Electronic – How to calculate the frequency of oscillation of this low-pass phase shift oscillator

Your schematic uses a low pass filter approach. One way to mentally consider a solution is to look at the following schematic:

^{simulate this circuit – Schematic created using CircuitLab}

Above, you can see that \$R_3\$ and \$Z_3\$ form a voltage divider that divides \$V_Y\$ into \$V_\text{OUT}\$. Also, \$R_2\$ and \$Z_2\$ form a voltage divider that divides \$V_X\$ into \$V_Y\$. Finally, \$R_1\$ and \$Z_1\$ form a voltage divider that divides \$V_\text{IN}\$ into \$V_X\$. It follows that:

$$\begin{align*} \text{Each Stage} \left\{ \begin{array}{rl} V_\text{OUT} = V_Y\,\frac{1}{1+\frac{R_3}{Z_3}}&&Z_3 = Z_{C_3}\mid\mid \infty=Z_{C_3}\\\\ V_Y = V_X\,\frac{1}{1+\frac{R_2}{Z_2}}&&Z_2 = Z_{C_2}\mid\mid \left(Z_3 + R_3\right)\\\\ V_X = V_\text{IN}\,\frac{1}{1+\frac{R_1}{Z_1}}&&Z_1 = Z_{C_1}\mid\mid \left(Z_2 + R_2\right) \end{array} \right. \end{align*}$$ $$\therefore \frac{V_\text{OUT}}{V_\text{IN}}=\frac{1}{1+\frac{R_1}{Z_1}}\cdot\frac{1}{1+\frac{R_2}{Z_2}}\cdot\frac{1}{1+\frac{R_3}{Z_3}}$$

Assuming \$R=R_1=R_2=R_3\$ and \$C=C_1=C_2=C_3\$ and setting \$\tau=R\:C\$ I get the following answer:

$$H\left(j\omega\right)=\frac{1}{1 - 5\:\left(\omega\:\tau\right)^2 + j\:\left[6\:\omega\:\tau-\left(\omega\:\tau\right)^3\right]}$$

For a phase shift of \$180^\circ\$, the imaginary part in the denominator goes to zero. So:

$$\begin{align*}6\:\omega\:\tau-\left(\omega\:\tau\right)^3&=0\\6\:\omega\:\tau&=\left(\omega\:\tau\right)^3\\6&=\left(\omega\:\tau\right)^2\\\omega&=\frac{\sqrt{6}}{\tau}\\\therefore\\f&=\frac{\sqrt{6}}{2\pi\:R\:C}\end{align*}$$

Note that this differs from what you wrote.

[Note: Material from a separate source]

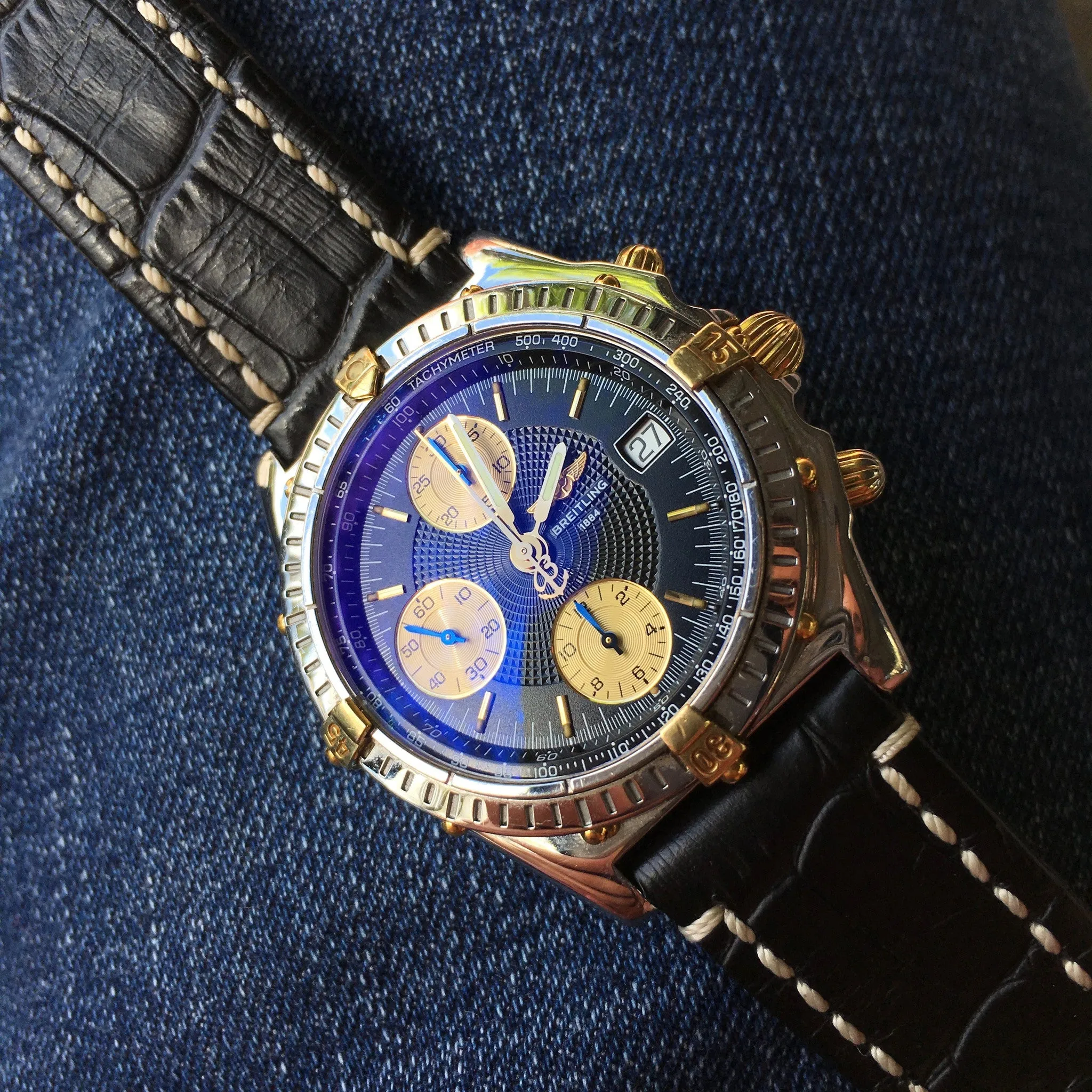 Breitling Chronomat B13050.1 Chronograph Two Tone Steel Gold Black Automatic Wristwatch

I just tried out a simulation on LTspice using a decent R2R opamp (it can't handle more than about \$12.5\:\text{V}\$ between its rails.) Here's the results:

The period seems to be about \$5.8\:\text{s}\$. Which is close to the prediction.

Note

Per Tony's request, it's not difficult to work out the peak or peak-to-peak voltage for the resulting sine wave at the output.

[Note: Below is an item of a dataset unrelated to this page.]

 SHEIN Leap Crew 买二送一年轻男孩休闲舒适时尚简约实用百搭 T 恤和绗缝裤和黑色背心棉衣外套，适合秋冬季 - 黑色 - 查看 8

Since the imaginary component of \$H\left(j\omega\right)\$ is 0, the magnitude is just \$\mid\:H\left(j\omega\right)\mid\:=\frac{1}{29}\$ (just plug in \$\omega=\frac{\sqrt{6}}{\tau}\$.) The RMS of the square wave at \$V_\text{IN}\$ is just \$6\:\text{V}\$ (as it is always either \$+6\:\text{V}\$ or else \$-6\:\text{V}\$.) So the output will be:

$$V_{\text{OUT}_\text{RMS}}=\frac{1}{29}\cdot \text{V}_{\text{IN}_\text{RMS}}=\frac{1}{29}\cdot 6\:{\text{V}_\text{RMS}}\approx 207\:{\text{mV}_\text{RMS}}$$

Since the output is a sine wave, the peak should be about \$\sqrt{2}\$ larger, or \$\approx 290\:\text{mV}_\text{P}\$.

As you can see, the image I included above shows an output peak that is close to this prediction, as well.